The Ofcom regulated service translates text to speech and vice versa with the help of a specially trained Relay Assistant based in one of BT’s contact centres[ii] around the country. The new app offers an improved customer experience and new functionality. The technology, developed by BT, enables a user to easily make a call based on their own accessibility needs. The user can connect to a call by selecting one of three options: Type & Read, Speak & Read, or Type & Hear.

Available for download today[iii], the new Relay UK app is free to use[iv] and is available to UK mobile customers in the UK. The development of Relay UK has been led by BT on behalf of stakeholders across the deaf community, such as Action on Hearing Loss, UK Council on Deafness, National Deaf Children’s Society and Hearing Link.[v]

Relay UK provides a vital text relay service to help people communicate by phone with the use of a text relay assistant in real time. This service provides an essential way for people who are deaf or have a hearing loss to access everyday services, from booking a meeting or accessing healthcare including emergency services to booking a table at a restaurant or booking a cinema ticket.”
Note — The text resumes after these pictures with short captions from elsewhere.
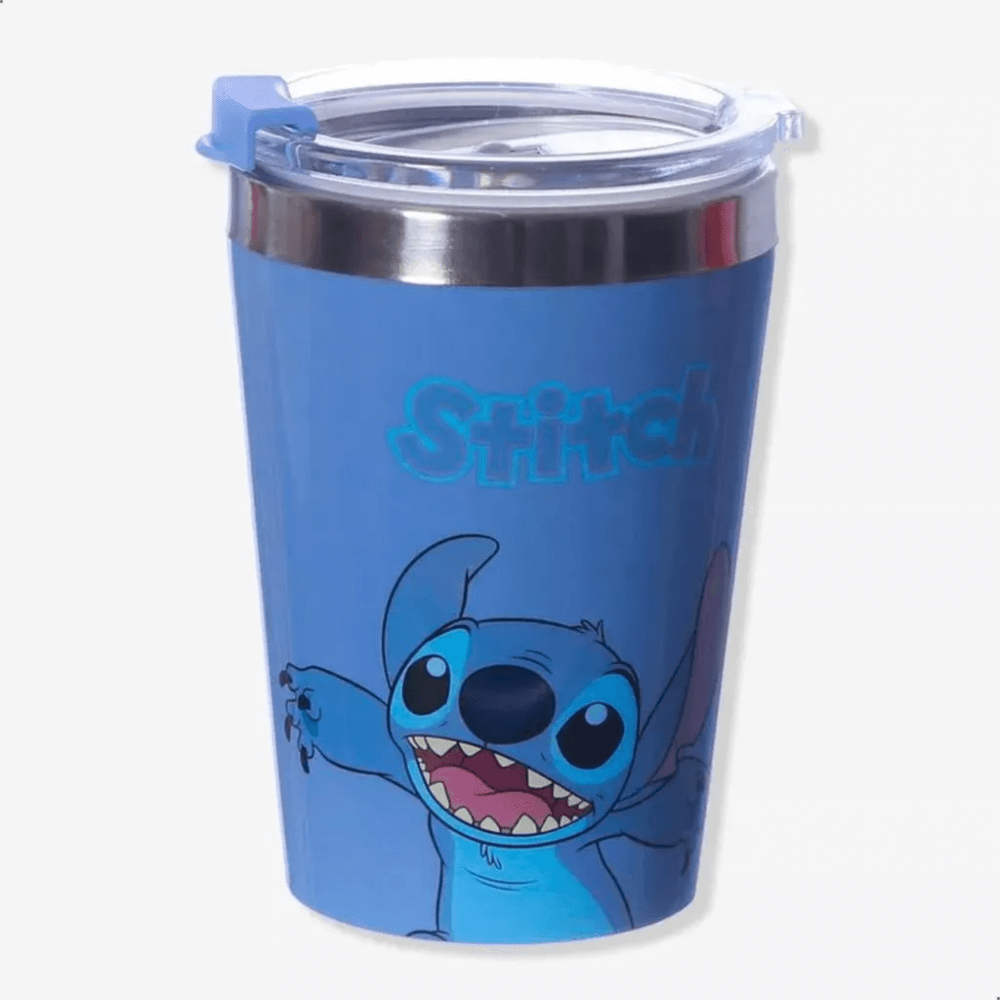Copo Viagem Snap Stitch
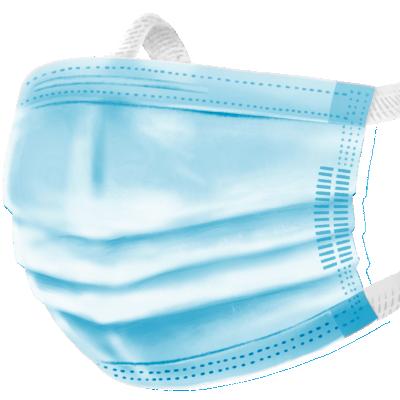 China disposable medical mask 3ply Te koop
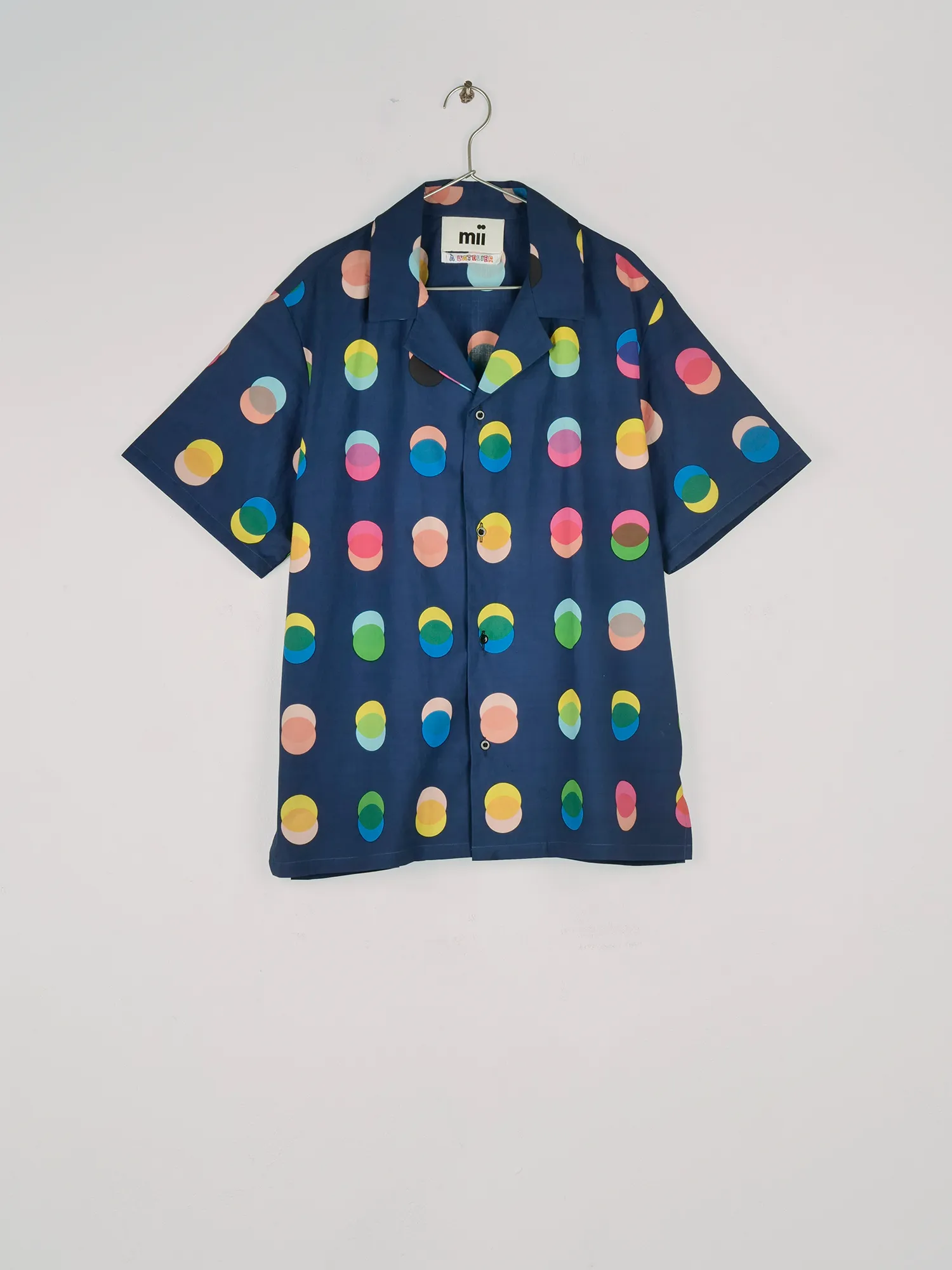 LA CHEMISE ALOHA - NUANCIER À POIS sold by Mii Collection product image thumbnail 5
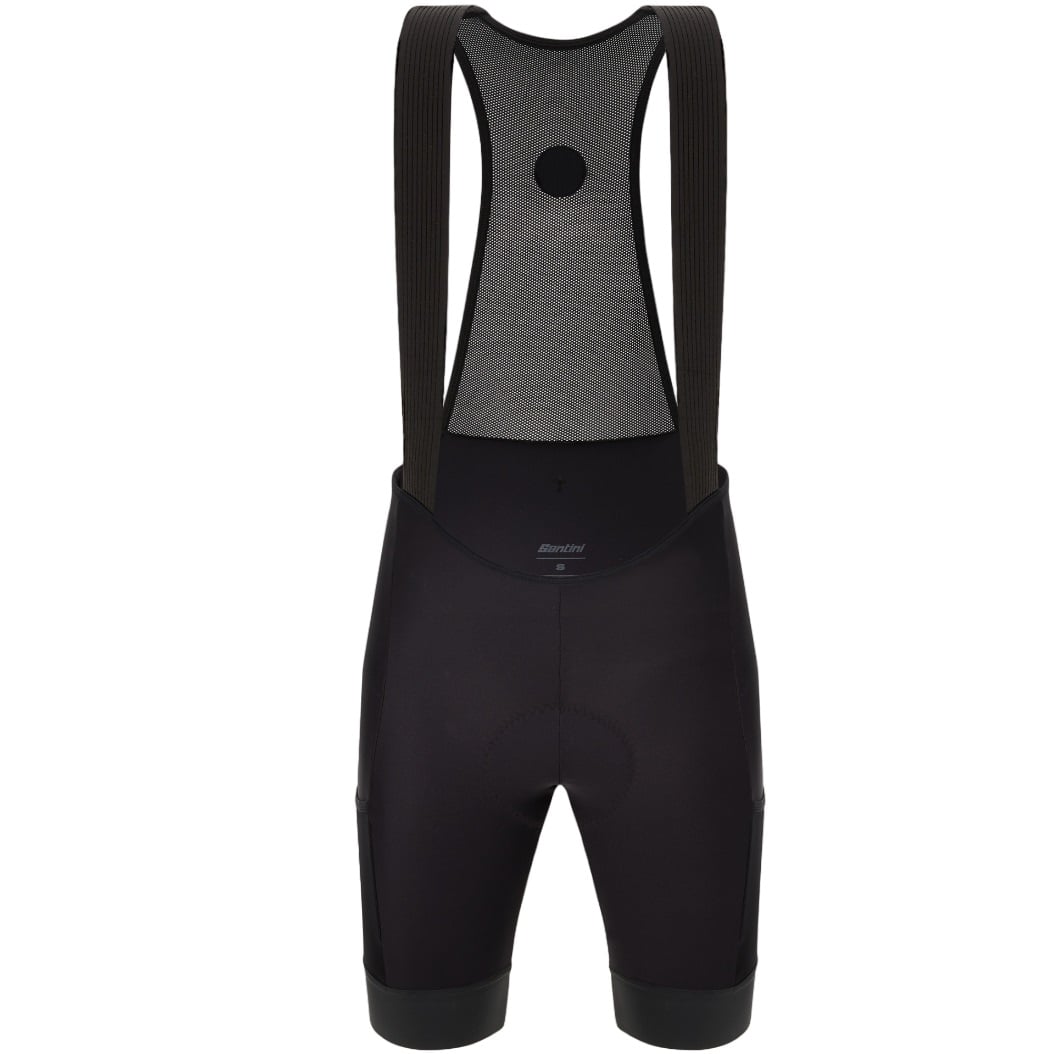 Pantaloni scurti cu bretele ciclism dama Santini Gravel
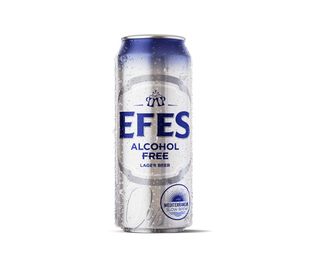 Bere Efes Alcohol Free 0.5L CAN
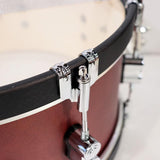 PDCC6514SSOE_[Concept_Classic_Snare_Drum_14''×6_5''_-_Oxblood_Stain_w_Ebony_Hoops]_[Limited_Quantity_Special_Price]_10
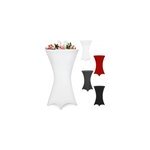 Housse mange debout blanche � �60 cm rev�tement �lastique
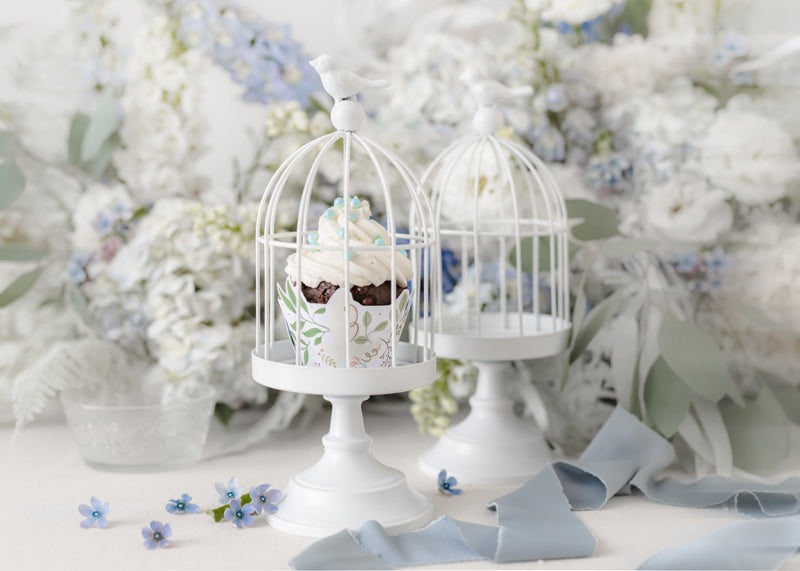 Bird Cage White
According to BT’s research, the biggest barrier (78%) to a successful call is frontline staff who are not trained or are inexperienced at taking calls from deaf customers, while the use of automated transfer services that are inaudible (67%) and a lack of technology available to help handle calls are also highlighted.

With a range of unique challenges facing them, 89% of those in the deaf community said that businesses and organisations need to do more to make their services more accessible. When unable to complete a phone call with a business, almost 70% of respondents said that they have to physically go to the store and a further 18% said that making phone calls to businesses leaves them feeling like they are not valued.
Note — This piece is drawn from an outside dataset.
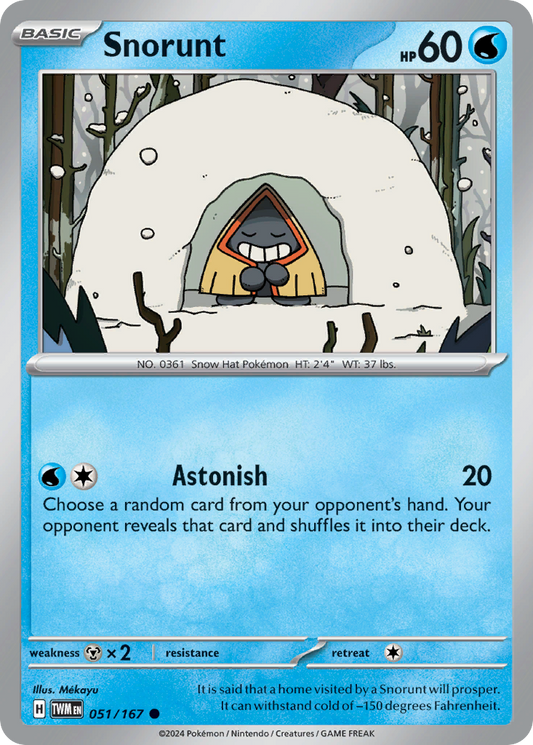 Snorunt Twilight Masquerade 51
The Irony is that BT is one of the providers who also don't have effective access.  ATR reviewed 6 major internet service providers and could not find ANY deaf relay advice area, contact or advice on how deaf can get a service set up on their own.  In advertising a deaf relay service it appears nobody told service provision it was illegal to refuse.  Areas like Virgin etc don't have a contact today.

Part of the problem is people trying to scam provision by claiming to speak for those who can't and this made issues even with text responses or email.  So part of the issue was intense verification of users which blocked telephonic or electronic contact by default.